Levin notes, “Consider every appliance and every piece of home electronics that you own. Does it gather data about how you use it? Does it connect to the Internet? If so, it could be used to spy on you. Your mobile devices, your TV, and now various other types of home appliances can be wired into a network that can track you. If those networks are hacked, information about your habits and behaviors could be available to people with nefarious goals. The same technological innovation that empowers us also makes us vulnerable to those who would exploit such advances against us.”
Levin list nine categories of ordinary home appliances that are now capable of collecting data on you including: your television, your cable box, dishwasher, toaster, your lights, your heat/AC and coffee maker.
Steve Watson in March 2012 on InfoWars.com stated, “CIA director David Petraeus has said that the rise of new “smart” gadgets means that Americans are effectively bugging their own homes, saving US spy agencies a job when it identifies any “persons of interest”.
“Speaking at a summit for In-Q-Tel, the CIA’s technology investment operation, Petraeus made the comments when discussing new technologies which aim to add processors and web connections to previously ‘dumb’ home appliances such as fridges, ovens and lighting systems,” writes Watson.
“‘Transformational’ is an overused word, but I do believe it properly applies to these technologies,” Petraeus enthused, “particularly to their effect on clandestine tradecraft.”
“Items of interest will be located, identified, monitored, and remotely controlled through technologies such as radio-frequency identification, sensor networks, tiny embedded servers, and energy harvesters — all connected to the next-generation internet using abundant, low-cost, and high-power computing,” Petraeus said.
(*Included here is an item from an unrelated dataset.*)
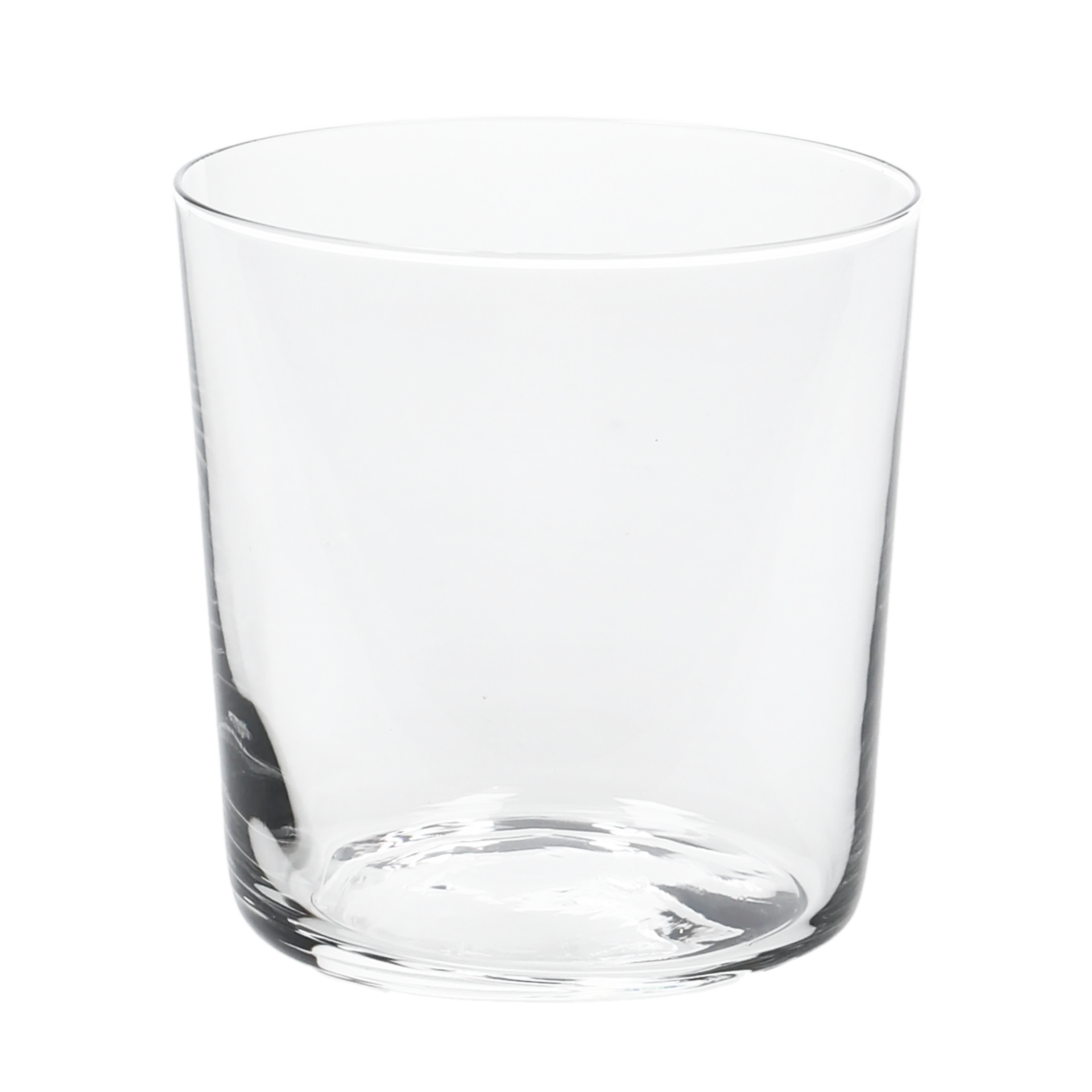 Day to Day drinking glass, 37 cl Scandi Living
Simon Sharwood in his column “DON’T BREW THAT CUPPA! Your kettle could be a SPAMBOT” reports, “Russian authorities have claimed that household appliances imported from China contain tiny computers that seek out open WiFi networks and then get to work sending spam and distributing malware. St Petersburg news outlet Rosbalt reported last week that local authorities had examined kettles and irons and found “20 to 30 pieces of Chinese home appliance ‘spy’ microchips” that “sends some data to the foreign server”.
Finally Watson states, “Petraeus’ comments come in the same week that one of the biggest microchip companies in the world, ARM, unveiled new processors that are designed to give practically every household appliance an internet connection, in order that they can be remote controlled and operate in tandem with applications.
When you get your next appliance better check your privacy at you door.